## Records shown
____

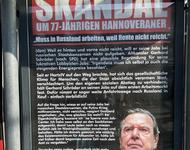 Weiß auf rot im Boulevardblattstil steht auf einem Plakat: "SKANDAL UM 77-JÄHRIGEN HANNOVERANER" plus Bild von Gerhard Schröder und Text
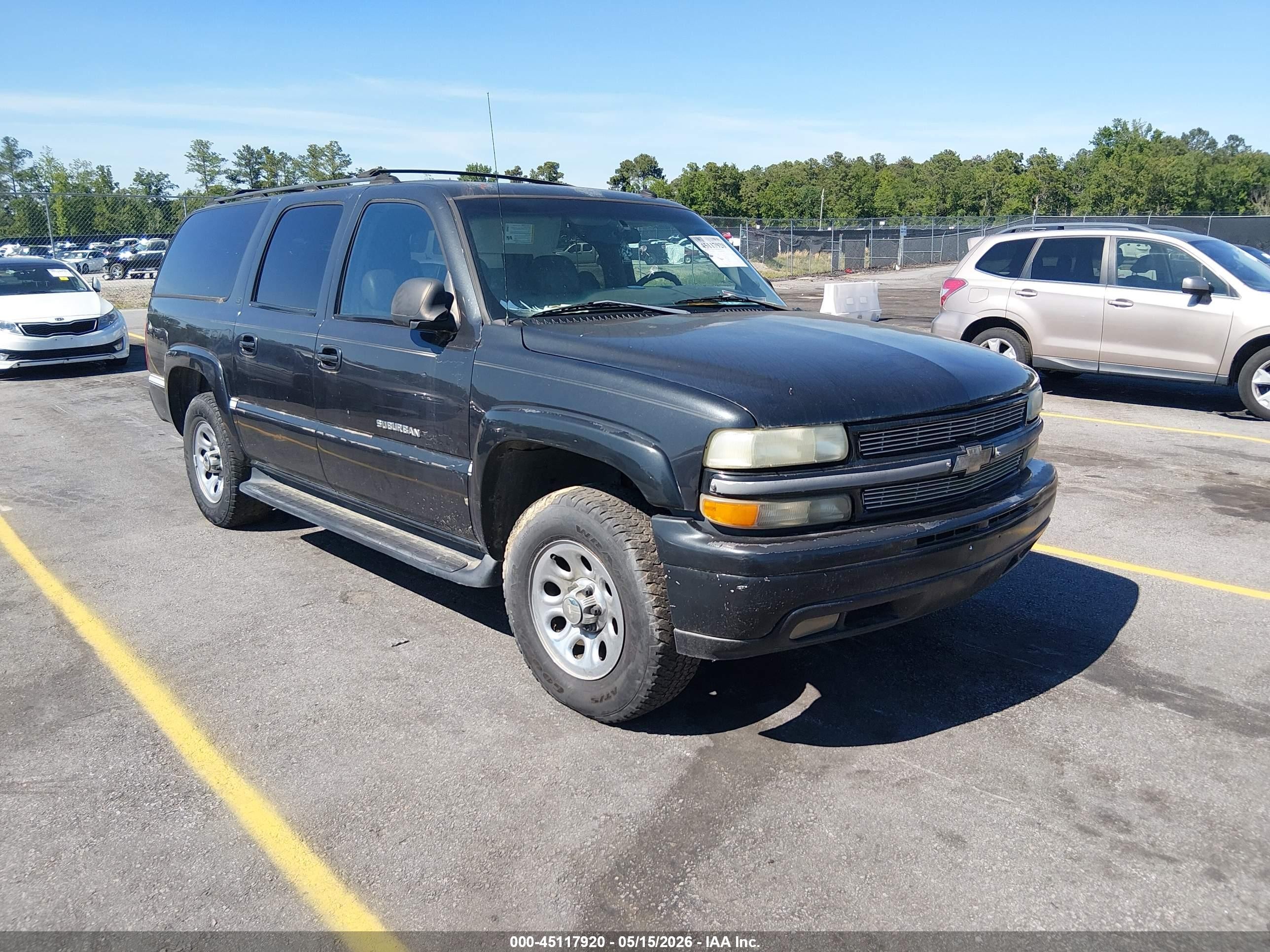 2003 Chevrolet Suburban LT, VIN 3GNEC16Z03G158368 — Normal wear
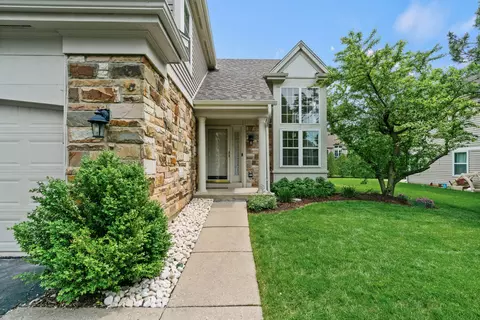1365 Branden Ln, Bartlett, IL 60103 photo 3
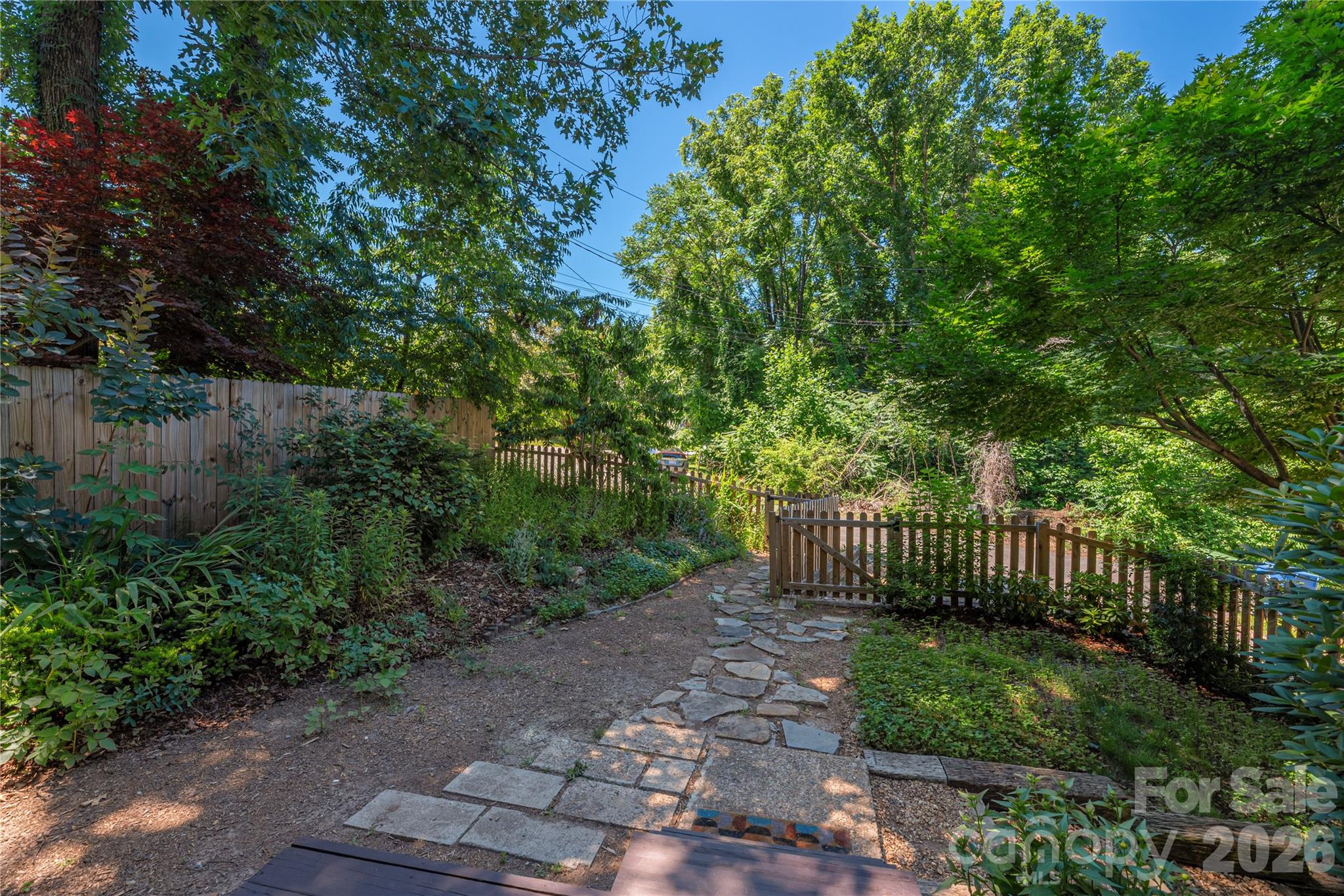 37 Wilmington Street — Asheville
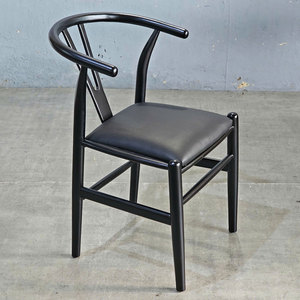 Chaise de salle à manger contemporaine en bois de caoutchouc avec siège rembourré et design léger - GCF206 - Product Image 2
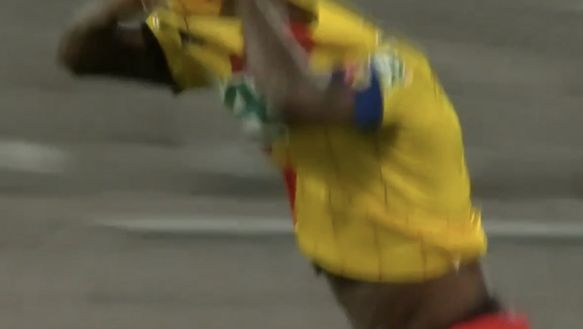 Prima di segnare il gol decisivo nel derby, Fofana all’arbitro: “Se mi tolgo la maglia è rosso…?”- immagine 2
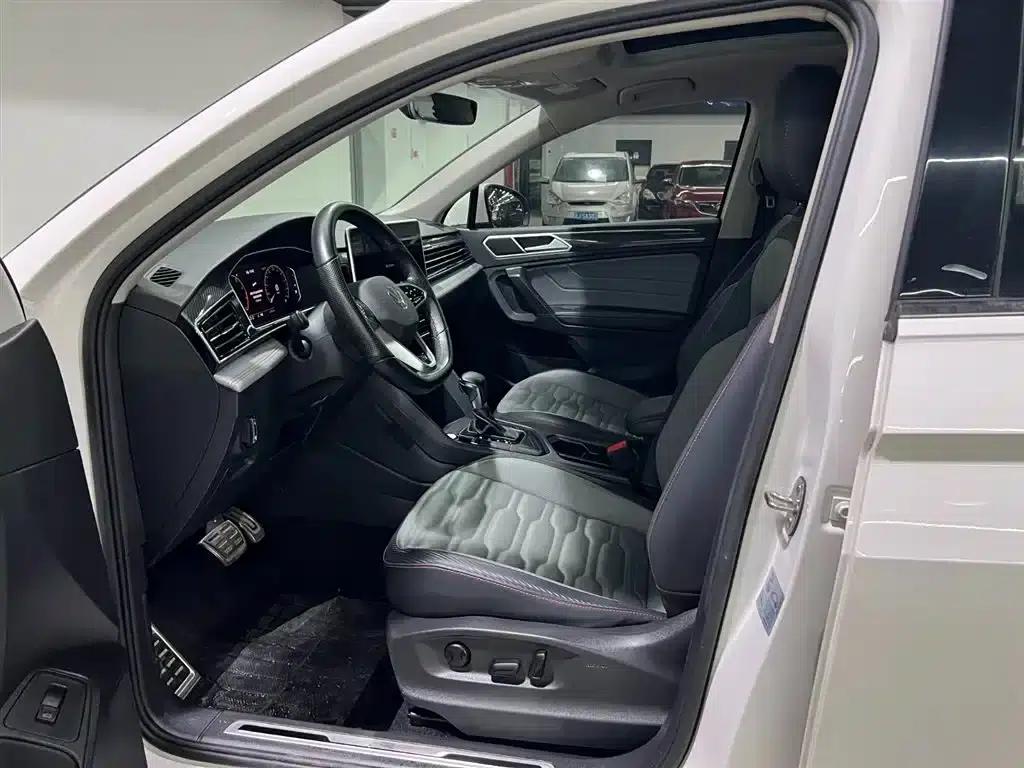 Tiguan X 2022 330TSI 2WD Premium Edition — миниатюра 9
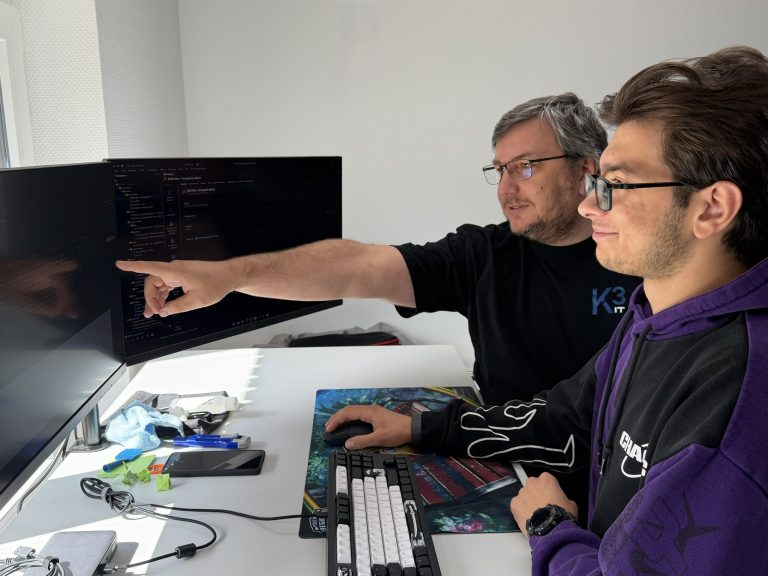 Ausbildung zum Fachinformatiker für Systemintegration im IT-Systemhaus Konzept3 IT. Unser Ausbilder, Dirk Hormel, erklärt unserem Azubi ein Tool am Rechner.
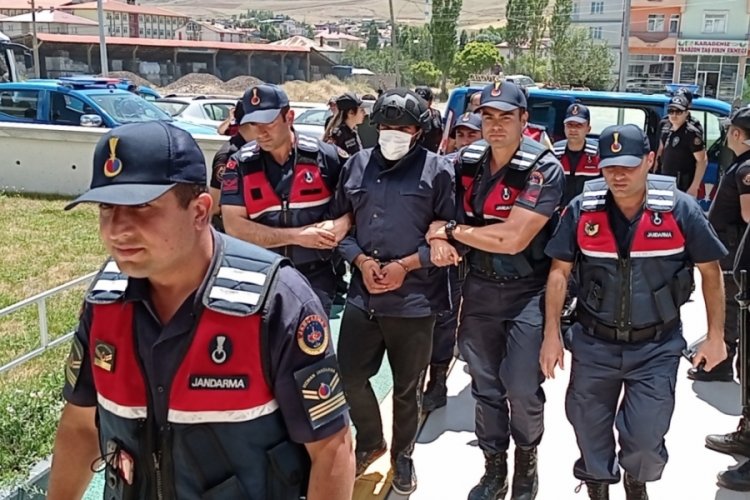 &Uuml;&ccedil; kişinin katili, adliyeye &ccedil;elik yelek ve miğferle &ccedil;ıkartıldı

____

With the pictures excluded, transcribe word for word only the lines from the one containing "2003 Chevrolet Suburban" through the last line of the records.

 2003 Chevrolet Suburban LT, VIN 3GNEC16Z03G158368 — Normal wear
1365 Branden Ln, Bartlett, IL 60103 photo 3
 37 Wilmington Street — Asheville
 Chaise de salle à manger contemporaine en bois de caoutchouc avec siège rembourré et design léger - GCF206 - Product Image 2
 Prima di segnare il gol decisivo nel derby, Fofana all’arbitro: “Se mi tolgo la maglia è rosso…?”- immagine 2
 Tiguan X 2022 330TSI 2WD Premium Edition — миниатюра 9
 Ausbildung zum Fachinformatiker für Systemintegration im IT-Systemhaus Konzept3 IT. Unser Ausbilder, Dirk Hormel, erklärt unserem Azubi ein Tool am Rechner.
 &Uuml;&ccedil; kişinin katili, adliyeye &ccedil;elik yelek ve miğferle &ccedil;ıkartıldı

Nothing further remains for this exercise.